What did I like? I thought the organization, again, was fantastic - especially given the sheer number of people involved in putting this event together. Whether it runs like a greased pig or not (I'm not sure that's the right metaphor), it certainly seems to evade falling apart. This year, the entrance line was cleared in record time - down from almost (over?) an hour last year, to under 20 minutes. Event staff and volunteers did their jobs, were accessible, and friendly. The brewers seemed to know what they were doing, where they were going, what time to be there, and all of their needs seemed to be getting met. Significantly, I did not hear a single brewer, volunteer, or even attendee complaint.
What Did I Really Like? The week encompassing the Great Taste has turned Madison into a week long celebration of craft beer for the entire Midwest. Philly, Minneapolis, Washington DC, Portland, all have beer weeks. But few celebrate the beer of their particular REGION as well as Madison does. It makes a statement that not only is Madison one of the premier beer destinations in the entire Midwest, but it is a leader in Regionalism and emphasis on local food. Beer tastings and beer dinners all week, and a Kegs and Eggs Breakfast at Old Fashioned on Sunday really showed the amazing things that can be accomplished in the entirety of the food industry when everyone is focused on local. Without the Great Taste of the Midwest, this celebration would not be possible; with the Great Taste, this celebration makes Madison the epicenter of Midwestern beer for an entire week.
Room for Improvement? I've gotta say that this year's glassware was definitely a big miss; it was entirely too large and I felt like I was dumping a lot of beer. Others were clearly taking advantage of the generous pours. While I like the traveling minstrel idea with the music, it often gets lost - so either dump it entirely, or make it more of a focus.
Not Good: Like Travis and Matt both pointed out, this year's losers were mediocre to poor sour beers, of which there entirely too many. I thought Kuhnhenn's Cask Geuze was a perfect example: watery, thin and one-note, it didn't really add anything to the style. Also a big loser was spirit-barrel aged beer. A Port-Barrel Aged Rauchbier from New Albanian was strange and unenjoyable (although the next tap-handle to the right, the Bourbon Barrel Sour Brown was fantastic).
Good: Good sour beers: Jolly Pumpkin's Biere de Mars, DeStihl's (Normal, IL) Sour Brown and Sour Strawberry (!?) were excellent, and Travis' winner the Brugge Brasserie (Indianapolis, IN) Pooka a sour beer aged with boysenberries was excellent.

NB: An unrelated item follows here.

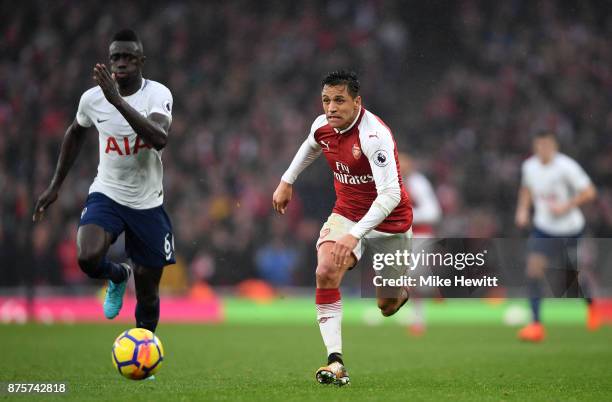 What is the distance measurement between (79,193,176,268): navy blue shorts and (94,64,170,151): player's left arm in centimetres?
62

Speaking of weird fruit...while Minneapolis Town Hall's Mango IPA did not work, and Old Hat's (Lawton, MI) Peanut Butter Stout wasn't as bad as you might thing a beer brewed with peanut butter would be, the aforementioned Brugge Brasserie (boysenberry) and DeStihl (strawberry), in addition to Dave's BrewFarm's Bumbled honey pale-ale, O'so's Big O Cranberry and Short's Imperial Spruce India Pilsner (almost a top-3, despite "Imperial India Pilsner" making no sense at all) made great use of "adjuncts".
My Top 3: while my tastes are different from yours and there's no possible way to try everything, of the things that I had, these are my Top 3 from the 2010 Great Taste of the Midwest:
Honorable Mention: Revolution Brewing Company's Coup D'Etat Saison. Revolution is a new craft brewery in the heart of hipper-than-thou Logan Square in Chicago. Revolution brought an impressive range of beers from the big (Sodom, an Imperial Stout brewed in collaboration with Three Floyds) to the small (Gomorrah, a small beer made from the second runnings of the Sodom). But my favorite was the Coup D'Etat Saison, a dry, spicy, grassy, peppery saison that is surprisingly strong (7.5%) for a summer day.
Number 3: Vintage Brewing Company's Sahti. Making use of an antiquated Finnish style of beer that uses juniper instead of hops, and an ecclectic mix of grains Brewer Scott Manning has produced a crisp, fresh summer beer that weighs in at only 5.3% ABV. Admittedly, I'm a sucker for gin, so the fresh and interesting fruity pine-notes from juniper is a pleasant experience. It is a wonderfully different sort of beer that is available right here in Madison.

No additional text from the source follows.